The task
A stretch of the entries below is to be set down exactly, running from the line with "Pattintható tok a" through the line with "PixVerse video creation", both included, and no other line.

══ Provided records ══

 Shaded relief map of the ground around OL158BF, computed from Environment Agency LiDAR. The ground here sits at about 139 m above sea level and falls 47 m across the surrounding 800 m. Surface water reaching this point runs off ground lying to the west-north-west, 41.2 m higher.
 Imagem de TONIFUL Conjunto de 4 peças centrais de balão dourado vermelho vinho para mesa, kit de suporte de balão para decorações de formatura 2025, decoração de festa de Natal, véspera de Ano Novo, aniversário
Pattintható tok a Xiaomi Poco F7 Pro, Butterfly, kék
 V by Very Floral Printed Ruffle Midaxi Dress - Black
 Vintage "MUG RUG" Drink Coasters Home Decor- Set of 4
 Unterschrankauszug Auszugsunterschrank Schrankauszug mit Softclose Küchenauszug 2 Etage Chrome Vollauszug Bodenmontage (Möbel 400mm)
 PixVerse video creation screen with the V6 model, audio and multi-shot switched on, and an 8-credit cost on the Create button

═══
══ Provided records ══

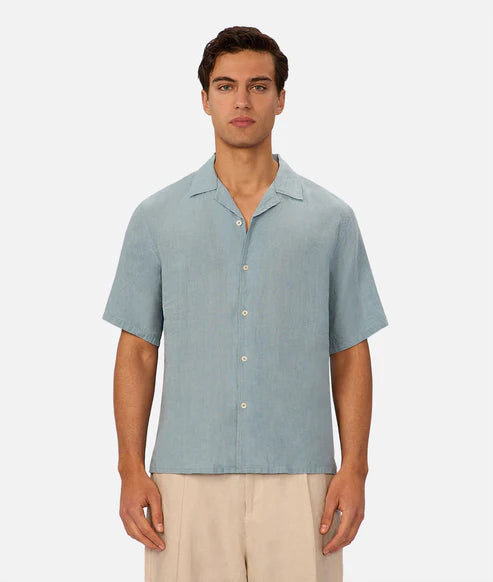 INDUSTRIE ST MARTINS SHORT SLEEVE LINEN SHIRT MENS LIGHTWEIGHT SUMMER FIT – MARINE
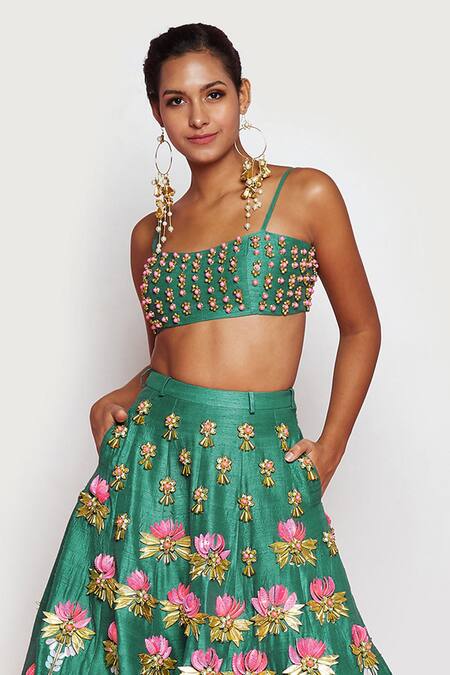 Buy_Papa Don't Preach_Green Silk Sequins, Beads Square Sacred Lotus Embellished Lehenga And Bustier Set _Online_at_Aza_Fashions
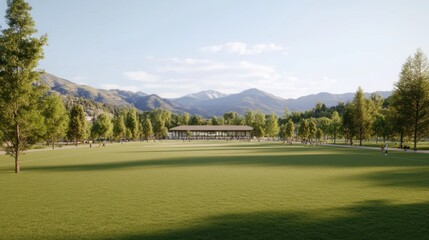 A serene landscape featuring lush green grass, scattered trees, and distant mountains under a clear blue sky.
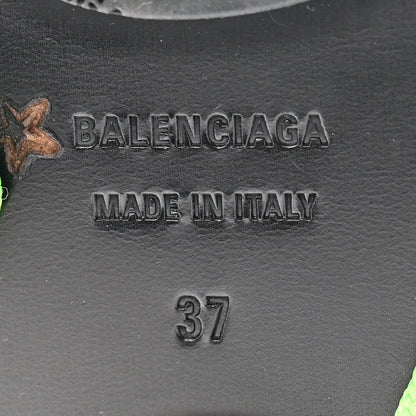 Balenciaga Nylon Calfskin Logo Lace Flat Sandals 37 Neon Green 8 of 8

═══
══ Provided records ══

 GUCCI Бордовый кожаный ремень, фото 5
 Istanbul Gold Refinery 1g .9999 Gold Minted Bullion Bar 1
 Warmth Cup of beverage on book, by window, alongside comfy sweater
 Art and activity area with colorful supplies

═══

Written solution
Pattintható tok a Xiaomi Poco F7 Pro, Butterfly, kék
 V by Very Floral Printed Ruffle Midaxi Dress - Black
 Vintage "MUG RUG" Drink Coasters Home Decor- Set of 4
 Unterschrankauszug Auszugsunterschrank Schrankauszug mit Softclose Küchenauszug 2 Etage Chrome Vollauszug Bodenmontage (Möbel 400mm)
 PixVerse video creation screen with the V6 model, audio and multi-shot switched on, and an 8-credit cost on the Create button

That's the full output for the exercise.